Você acredita que o forró pode ganhar ainda mais espaço fora do Brasil? Quais são os maiores desafios?  
Eu acredito que o forró tem, sim, potencial pra ganhar mais espaço fora do Brasil. Mas, pra ser bem honesto, não me vejo como alguém com autoridade pra dizer isso com certeza. Sou só um americano dos etados unidos que teve a sorte de organizar algumas festas, apresentar o forró pra alguns amigos e ajudar a criar conexões entre as pessoas. Qualquer papel de “embaixador cultural” que eu possa ter é uma honra, e, no fim das contas, quem mais ganha com tudo isso sou eu, porque recebo muito mais do que consigo oferecer.

 Há algum artista brasileiro que te inspira diretamente ou que você costuma ouvir nas suas criações?  
Pra mim, é praticamente impossível escolher um único artista brasileiro que me inspira. Seria como estar naquela situação das mães brigando pelo bebê na história de Salomão kkkkk eu jamais gostaria de estar nessa posição. Cada artista traz algo essencial que contribui pro todo, e juntos são o que realmente me move e me inspira.

Como você vê seu papel como um “embaixador cultural” do Brasil nos Estados Unidos — mesmo sendo americano?  
 Como eu já disse antes, qualquer papel que eu possa ter como embaixador cultural do Brasil aqui nos Estados Unidos é, na verdade, uma honra. Eu me sinto muito sortudo por poder compartilhar essa música e essa cultura, mesmo que de um jeito pequeno.
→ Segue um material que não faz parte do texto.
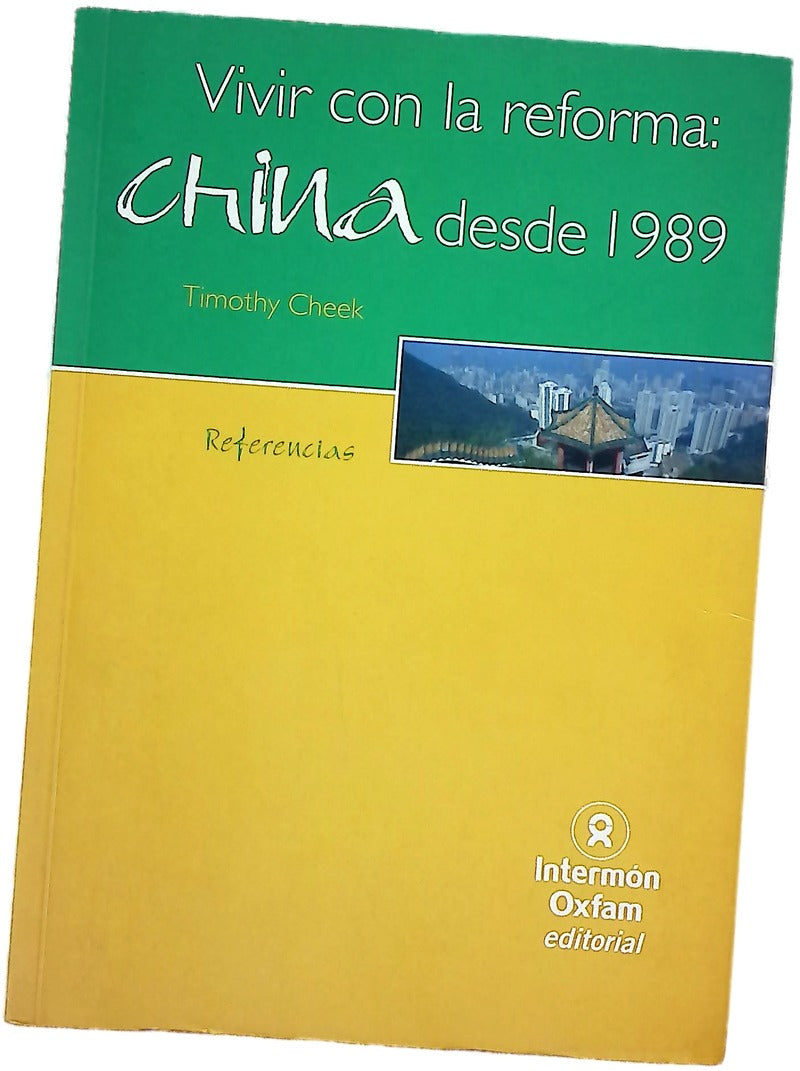 Vivir con la reforma: China desde 1989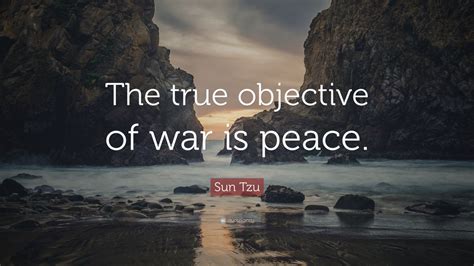 Sun Tzu Quote The True Objective Of War Is Peace 12 Wallpapers
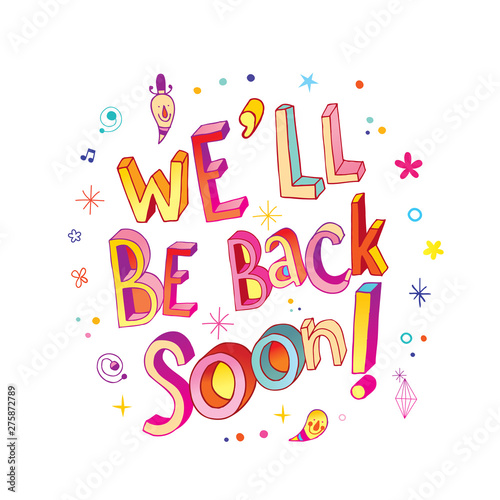 we will be back soon unique hand lettering message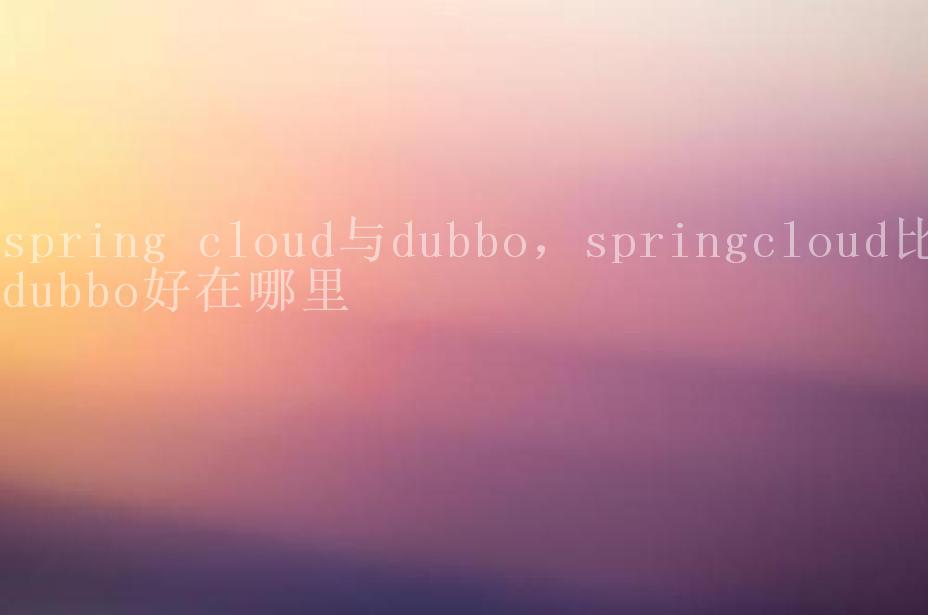 spring cloud与dubbo，springcloud比dubbo好在哪里2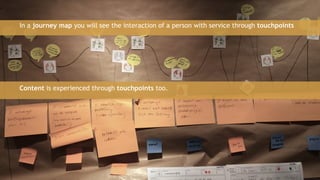 41
In a journey map you will see the interaction of a person with service through touchpoints
Content is experienced through touchpoints too.
 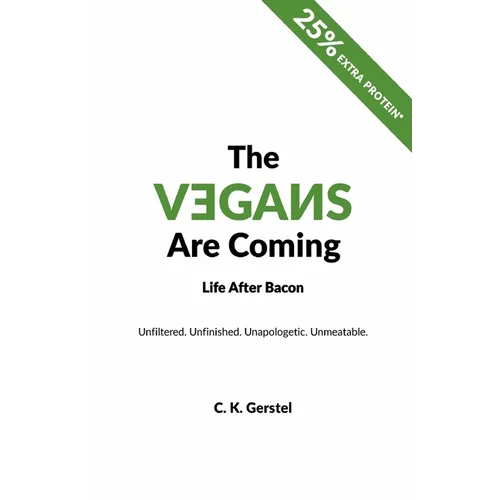 The Vegans Are Coming: Life After Bacon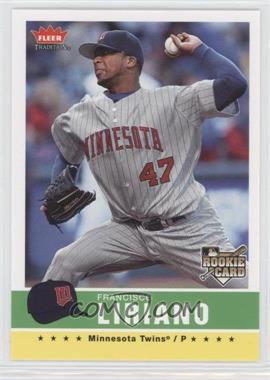 2006 Fleer Tradition - [Base] #186 - Francisco Liriano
No fim das contas, quem mais ganha sou eu: que não nasci dentro, mas que respeito e valorizo profundamente.
 
Que mensagem você deixaria para os pernambucanos que veem sua cultura sendo celebrada tão longe de casa?
Ao povo de Pernambuco, tudo o que posso dizer é um grande obrigadão!!! Sou imensamente grato pelo acolhimento e generosidade que sempre recebi, e me sinto abençoado por poder, de alguma forma, ajudar a celebrar essa cultura tão especial. Espero voltar, aprender mais e continuar compartilhando tudo o que torna esse lugar tão único. Seria muito bonito criar, no futuro, algum tipo de conexão mais profunda, quem sabe um intercâmbio cultural em que eu possa compartilhar a música do meu mundo, que é o arranjo para grandes conjuntos de jazz norte-americano, e ao mesmo tempo aprender a tocar, escrever, arranjar e viver a música do Nordeste muito mais do que consigo hoje. Sei la. Continuo aprendendo pra honrar essa cultura da melhor forma possível.